Die danach die Berufsausübung betreffende Regelung über den Mindestbeitrag der hier vorliegenden Größenordnung ist durch gewichtige Allgemeininteressen gerechtfertigt. Die Pflichtmitgliedschaft bezweckt die Versorgung der Rechtsanwälte und dient durch deren wirtschaftliche Absicherung der Erhaltung eines leistungsfähigen Anwaltstandes. Die kollektive Versicherung ist wirtschaftlich nur durchführbar, wenn grundsätzlich alle Anwälte ihr angehören. Maßnahmen wie Mindestbeitragsregelungen, die der finanziellen Stabilität des Versorgungsträgers dienen, sind erforderlich, wobei es der Gestaltungsfreiheit des Satzungsgebers unterliegt, den Kreis der Mitglieder so weit und die Befreiungstatbestände so eng zu fassen, dass im Hinblick auf eine angemessene Versorgung eine möglichst leistungsfähige Solidargemeinschaft entsteht (vgl. Urteil vom 29. Januar 1991 – BVerwG 1 C 11.89 – BVerwGE 87, 324 ≪328 f.≫). Einer in der Erhebung des Mindestbeitrags im Einzelfall liegenden unzumutbaren Belastung kann durch eine Härtefallregelung (vgl. § 15 Abs. 4 und 5 der Satzung) ausreichend Rechnung getragen werden. Die hier vorliegende maßvolle Höhe des Mindestbeitrags erfordert keine Erwägungen dahin, ob innerhalb der von der Mindestbeitragsregelung Betroffenen nicht nur einzelne durch Härteregelungen zu erfassende Sonderfälle, sondern bestimmte Gruppen typischer Fälle ohne zureichenden Grund wesentlich stärker als andere belastet werden (dazu Urteil vom 5. Dezember 2000, a.a.O.). Denn bei typisierender Betrachtung kann ein derartiger Mindestbeitrag die Berufsausübung generell nicht unangemessen behindern.

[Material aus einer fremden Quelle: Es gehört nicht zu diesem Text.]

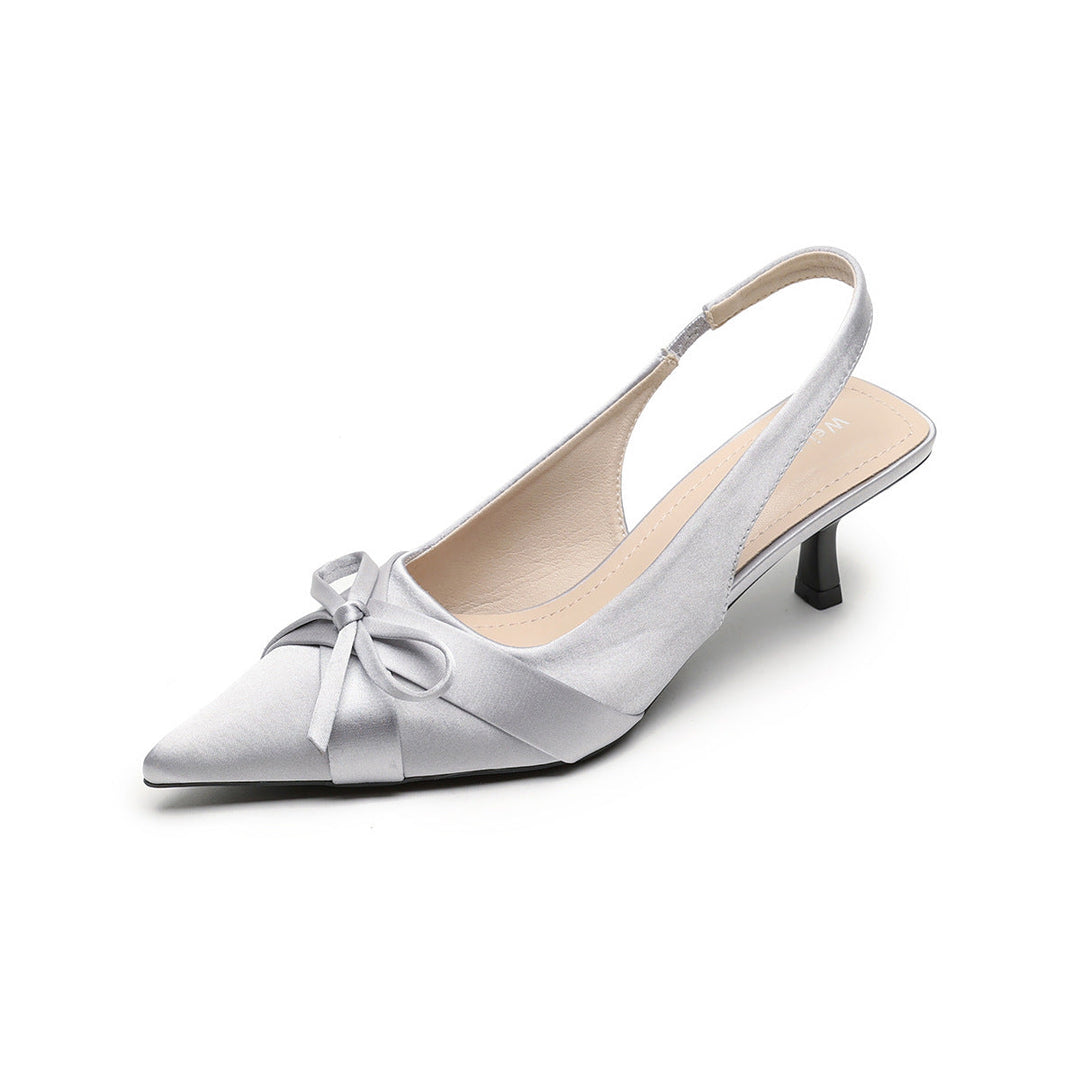 Damen Slingback-Pumps mit eleganter Schleife und modischem Spitzendesign Drune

bb) Liegen die strengen Voraussetzungen für einen Eingriff in die Berufsfreiheit vor, so ist für die Zeit der auf freiwilliger Grundlage fortgeführten Mitgliedschaft bei der Beklagten mit entsprechender Mindestbeitragsverpflichtung auch der Eingriff in den Schutzbereich des Art. 2 Abs. 1 GG gerechtfertigt.

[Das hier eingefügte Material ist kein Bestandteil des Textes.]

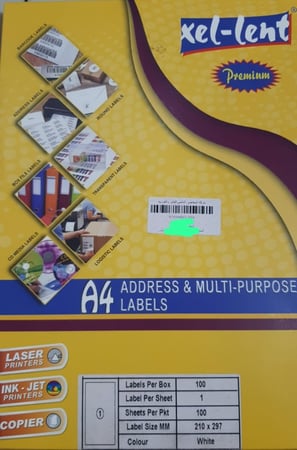 ورق طباعه لاصق XEL-LENT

d) Die landesrechtliche Regelung, wie sie der Verwaltungsgerichtshof dargelegt hat, verletzt auch nicht den allgemeinen Gleichheitsgrundsatz des Art. 3 Abs. 1 GG.
aa) Die Klägerin macht geltend, dass der Beklagte bei Erlass der Satzung ohne hinreichenden Grund von dem Regelungsmodell des SGB VI abgewichen sei, indem er die Regelungen über beitragsfreie Anrechnungszeiten beim Mutterschutz (§ 54 Abs. 1 Nr. 2, Abs. 4, § 58 Abs. 1 Satz 1 Nr. 2 SGB VI) und über Beitragszeiten mit fingierten Beitragsleistungen bei der Kindererziehung (§ 54 Abs. 1 Nr. 1 a, § 55 Abs. 1 Satz 2, § 56 Abs. 1 Satz 1 und 2 sowie Abs. 2 Satz 1 SGB VI) nicht übernommen habe. Sie sei daher zumindest auf der Beitragsseite, im Übrigen aber auch auf der Leistungsseite gegenüber Mitgliedern der gesetzlichen Rentenversicherung schlechter gestellt.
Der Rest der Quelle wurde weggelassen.